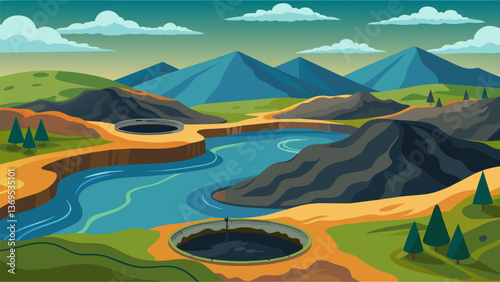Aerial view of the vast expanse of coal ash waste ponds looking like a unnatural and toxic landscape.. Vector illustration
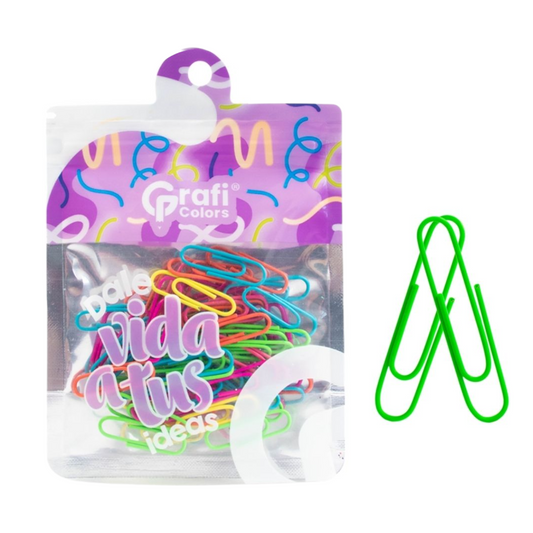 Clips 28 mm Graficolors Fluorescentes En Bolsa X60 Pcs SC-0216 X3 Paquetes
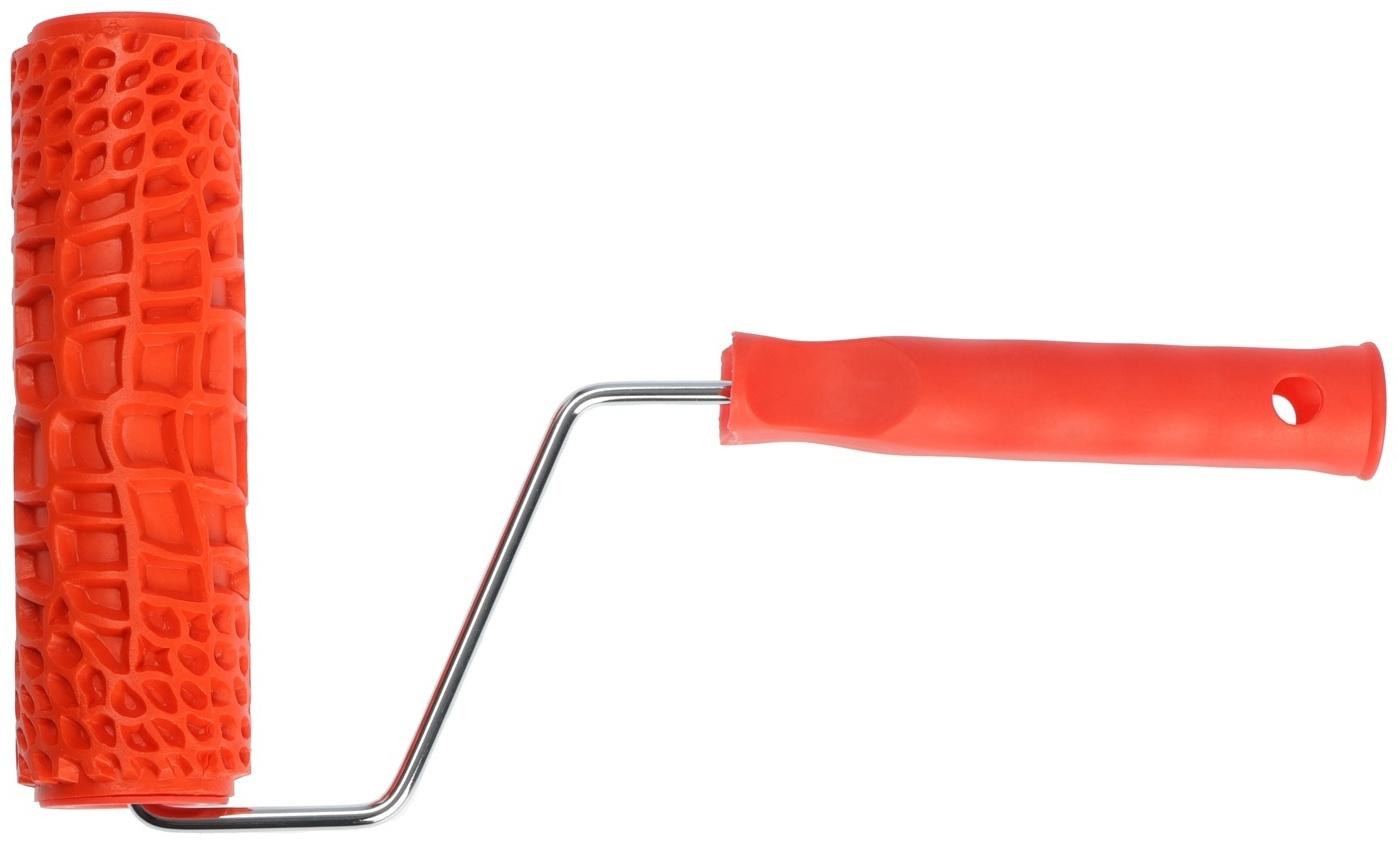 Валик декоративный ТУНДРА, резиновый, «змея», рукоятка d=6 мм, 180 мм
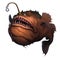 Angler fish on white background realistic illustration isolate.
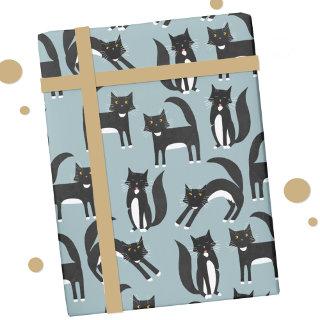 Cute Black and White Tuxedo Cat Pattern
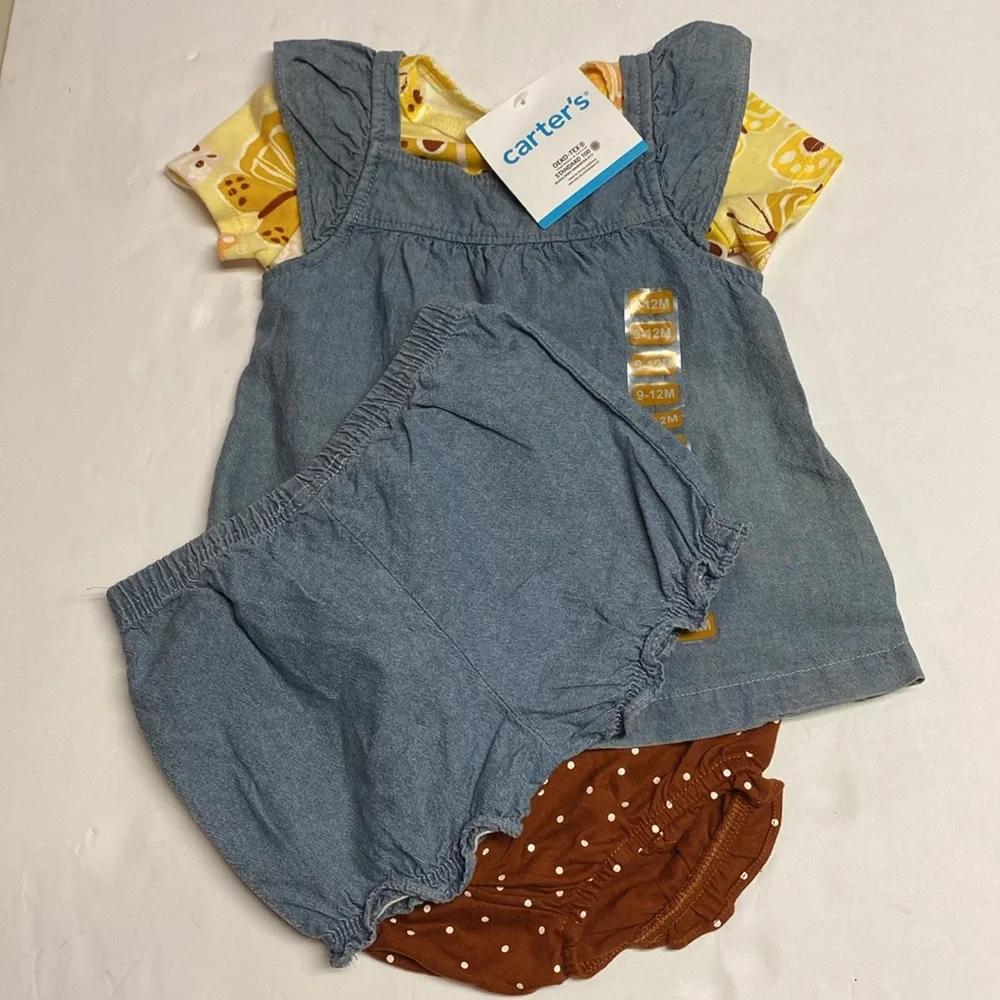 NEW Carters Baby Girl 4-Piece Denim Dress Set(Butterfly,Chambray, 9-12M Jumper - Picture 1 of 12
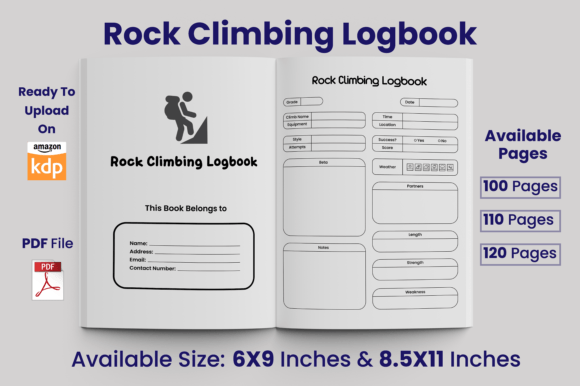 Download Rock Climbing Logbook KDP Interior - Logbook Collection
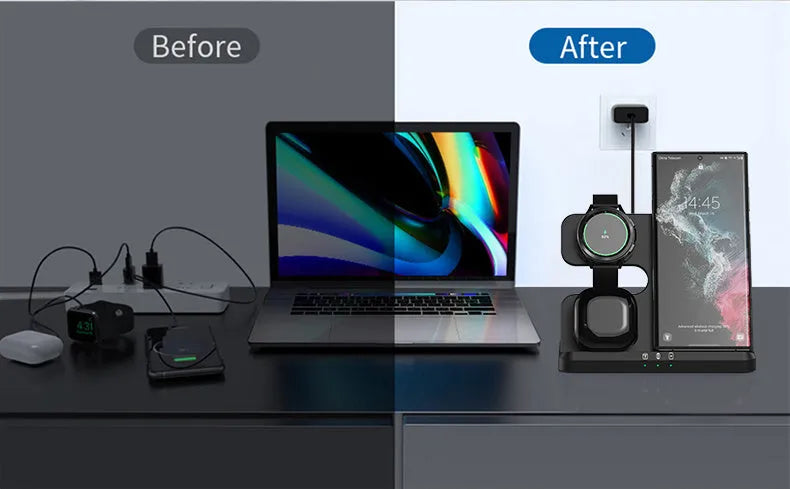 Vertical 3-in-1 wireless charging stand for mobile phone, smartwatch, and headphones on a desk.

◆ ◆ ◆ ◆ ◆ ◆ ◆

• Task directions: Leave every picture out and retype exactly the lines of the records above from the one holding "Angler fish on" through the last, both ends included and nothing besides.

• Solution to the problem:
 Angler fish on white background realistic illustration isolate.
 Cute Black and White Tuxedo Cat Pattern
 NEW Carters Baby Girl 4-Piece Denim Dress Set(Butterfly,Chambray, 9-12M Jumper - Picture 1 of 12
 Download Rock Climbing Logbook KDP Interior - Logbook Collection
 Vertical 3-in-1 wireless charging stand for mobile phone, smartwatch, and headphones on a desk.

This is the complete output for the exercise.